When Apple executives took the stage yesterday to officially announce the iPhone 5, many were underwhelmed, with a feeling of “that’s it?”
This could partially be due to the early leaks over the past few months that preceded the device, but even that only played a relatively small part in it. It’s not a new phenomenon, and we’ve seen it with, well, almost every iPhone release following the first in 2007. Especially with more incremental updates to the device, such as the 3GS and 4S.
Another part of it could be the questioning of Apple’s approach to products, which was even experienced by the first-generation iPhone. What I mean is, the company doesn’t pride itself on being the first to certain features, but rather the best. This approach may not be favorable to enthusiasts who want to have the latest technology as soon as possible, but it clearly works just fine with the masses. To me, this approach can be debated on a case-by-case basis. Sometimes, the amount of time that it takes for Apple to implement something (the ability to take panoramic photos from the native camera app, for example), can be perplexing. One more significant feature that enthusiasts are questioning the omission of in the iPhone 5 is NFC, which fellow writer Manan wrote about on his Svbtle blog.
When the first iPhone was released, it lacked a number of features that competing smartphones on the market already offered, and yet it was still loved by consumers and clearly changed the face of the mobile industry.
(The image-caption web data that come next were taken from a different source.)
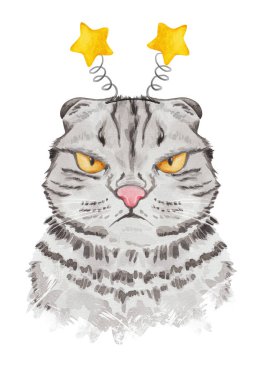 Huysuz kedi portresi. Parti kedisi. Suluboya el çizimi kedi çizimi serisi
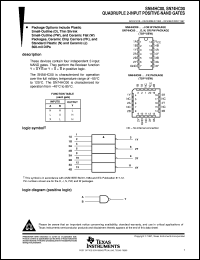 datasheet for SN54HC00J by Texas Instruments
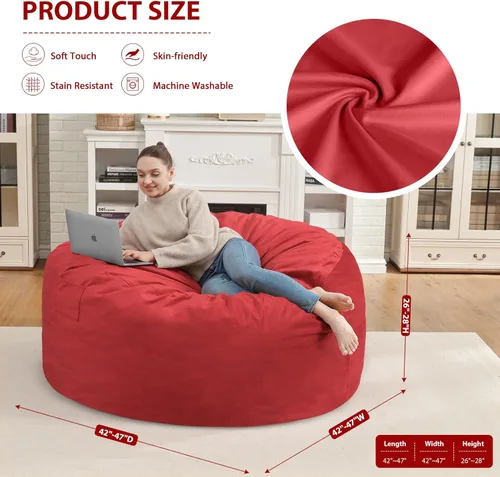 Miniatura 332 de Puf de 5 pies, puf grande con relleno de espuma viscoelástica, sofá puff esponjoso con funda de terciopelo holandés, puf redondo para sala de estar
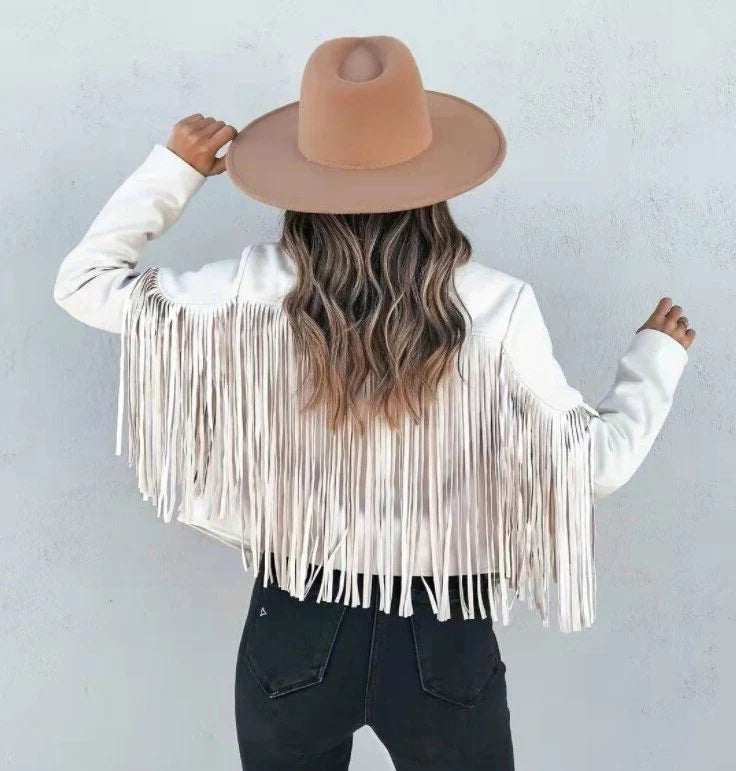 Marnie | Women's Cropped Fringe Faux Suede Jacket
Apple’s strategy is to focus on getting core features right — nailing the user experience of said features — then playing catch up to implement other features from competing devices. So yes, part of the criticism — from enthusiasts, at least — is based on “x already has this feature, so why should we care again?”
But there’s another, far more significant factor at play here that has little to do with the actual merits of the evolutionary device itself.
Like a drug where people just can’t seem to once again experience the feeling of the first high, people are hoping to relive the experience of the first iPhone announcement with each new iPhone. People passionate about Apple — and even just technology in general — are hoping that the company will reveal something that’s completely game-changing. Something that changes everything once again. Average consumers also want a very, very significant update to the device to justify purchasing it.
Even though Apple changed almost everything with the new iPhone — increased display, better display, revamped design, better camera, new adapter, battery improvements, new headphones, iOS 6 — people are still underwhelmed because these are all things that they expect. Faster, thinner, better battery life, better display; these are all things that we’ve grown to become entitled to of incremental phone updates.
Here’s an excellent analogy that compares Apple’s school of thought with the Porsche 911. While remaining, in a way, similar to the first incarnation, significant steps forward were taken throughout its gradual evolution.
The iPhone 5 is a colossal — still evolutionary — update that was inevitable, really, but people are still underwhelmed. And it’s not because the new device sucks, or lacks NFC, or has too large/small of a screen. It’s because people are desensitized to these incremental, evolutionary updates — no matter how good they may be — and are waiting for Apple to do something revolutionary.